▶ Work required
The copy you give must match the listing below exactly and contain no pictures.

▶ Stored data
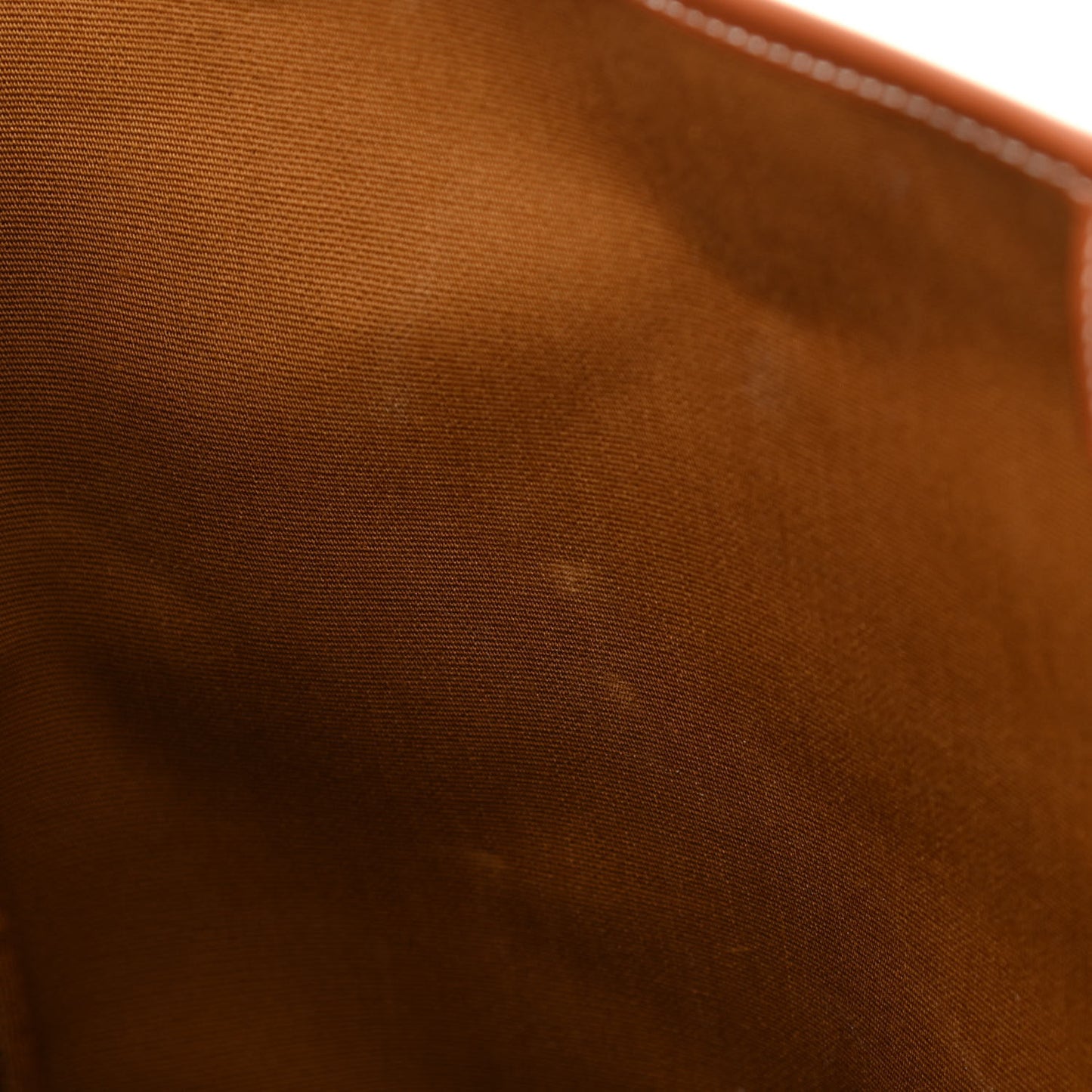 Triomphe Canvas Calfskin Medium Bucket Bag Tan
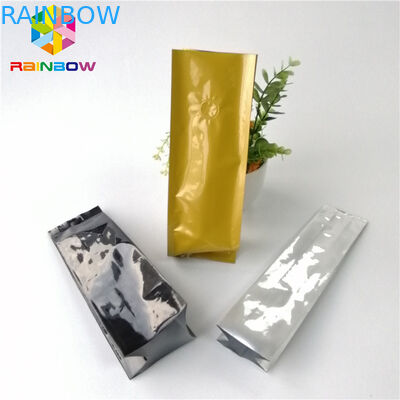 Lá nhôm có thể đóng lại đứng lên Túi 12oz 16oz Side Gusset Cà phê rang xay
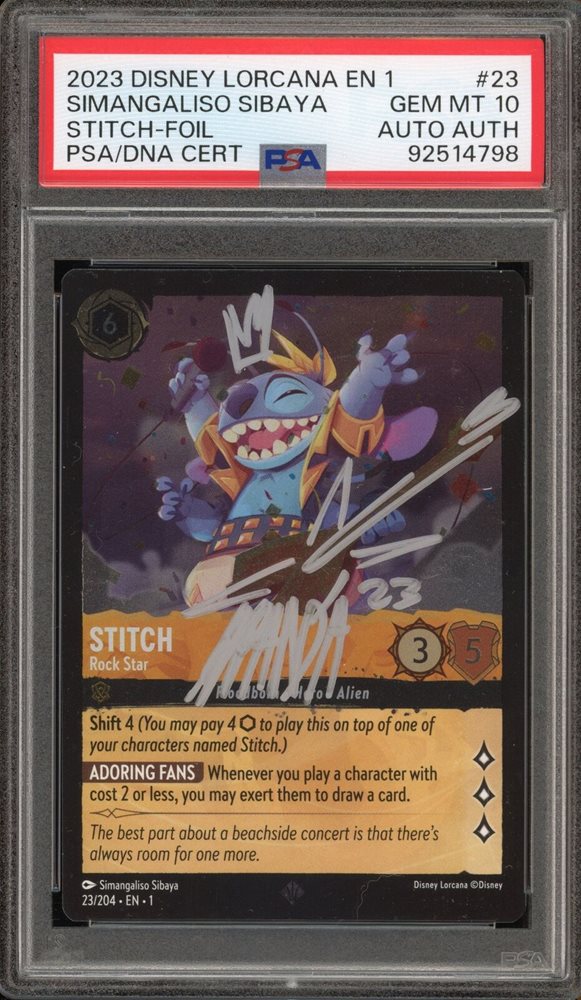 Auction Prices Realized Tcg Cards 2023 DISNEY LORCANA EN 1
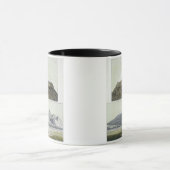 Mug Sommet du Cotopaxi (dessus), et l'éruption de Coto (Centre)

▶ Response to this exercise
 Triomphe Canvas Calfskin Medium Bucket Bag Tan
 Lá nhôm có thể đóng lại đứng lên Túi 12oz 16oz Side Gusset Cà phê rang xay
 Auction Prices Realized Tcg Cards 2023 DISNEY LORCANA EN 1
 Mug Sommet du Cotopaxi (dessus), et l'éruption de Coto (Centre)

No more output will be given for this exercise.